In the crosslinked p53–DNA structure, the recessed conformation of loop L1 was present in all four subunits (Supplementary Figure S12) and was attributed to steric interference with the chemical crosslink (Malecka et al, 2009). However, in the p53–CR2 structure, the conformational switch of loop L1 was linked to a 3‐Å shift of the DNA helical axis at the centre of the p53 DNA binding site (Figure 4C; Supplementary Figure S13). As a result of this shift, the DNA backbone was displaced away from loop L1 of p53 subunits B and C, providing space to accommodate the extended loop L1 in the major groove of the bound DNA (Figure 4D and E; Supplementary Figures S11 and S14). In contrast, at the edges of the p53 binding site, the DNA helical axis did not shift and loop L1 of subunits A and D adopted a recessed conformation to be able to accommodate to the standard B‐form DNA (Figure 4D and E; Supplementary Figure S14).

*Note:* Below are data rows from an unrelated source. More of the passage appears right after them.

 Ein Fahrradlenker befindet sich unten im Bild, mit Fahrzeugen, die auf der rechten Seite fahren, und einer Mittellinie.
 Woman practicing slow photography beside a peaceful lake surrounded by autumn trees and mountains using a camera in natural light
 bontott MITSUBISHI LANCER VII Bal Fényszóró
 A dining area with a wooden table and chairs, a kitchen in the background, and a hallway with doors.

Effect of the loop L1 conformational switch on DNA binding kinetics
The observed conformational changes in p53 and DNA in the p53CR2–DNA structure suggest that p53 binds DNA via an induced fit mechanism (Koshland, 1958). Induced fit, as compared with rigid body interactions, may not significantly affect binding affinities, but can have profound effects on binding kinetics (Pape et al, 1999; Johnson, 2008). To illustrate this, we first consider binding of p53 to DNA via a rigid body interaction. Under equilibrium conditions, the dissociation constant KD is equal to the off‐rate constant koff divided by the on‐rate constant kon (Figure 5A). In the rigid body interaction model, the on‐rate constant would be determined by diffusion and electrostatic attraction/repulsion and would be the same irrespective of the DNA sequence (von Hippel and Berg, 1989; Johnson, 2008). Thus, for different DNAs, the off‐rate constant would be proportional to the KD, reflecting the fact that high affinity interactions are characterized by long half‐lives (Figure 5A).

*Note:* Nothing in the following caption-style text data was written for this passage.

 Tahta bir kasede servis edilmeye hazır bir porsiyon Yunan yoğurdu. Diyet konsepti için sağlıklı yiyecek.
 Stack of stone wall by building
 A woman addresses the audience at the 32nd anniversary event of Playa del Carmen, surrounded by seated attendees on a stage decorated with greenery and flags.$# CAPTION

In the case of an induced fit mechanism, binding proceeds in two steps (Koshland, 1958). An initial interaction occurs without any conformational change, as described above for rigid body interactions, and then, in a second step, the initial interaction drives a conformational switch that allows a better fit between the protein and DNA (Figure 5B). The constant kon1 is determined by diffusion and electrostatic attraction/repulsion, whereas the constant kon2 is determined by the conformational switch (which may be different for different DNAs and for different p53 proteins; Johnson, 2008). If one considers macroscopic (overall) on‐rate and off‐rate constants, kono and koffo, respectively, to describe both steps of the reaction, then the dissociation constant KD equals koffo divided by kono (Figure 5B). But because kono depends partially on the conformational switch (which may be different for different DNAs and for different p53 proteins), the koffo values are not proportional to the KD values. Therefore, one can distinguish between rigid body interaction and induced fit mechanisms by measuring KD and koffo values for different p53–DNA complexes.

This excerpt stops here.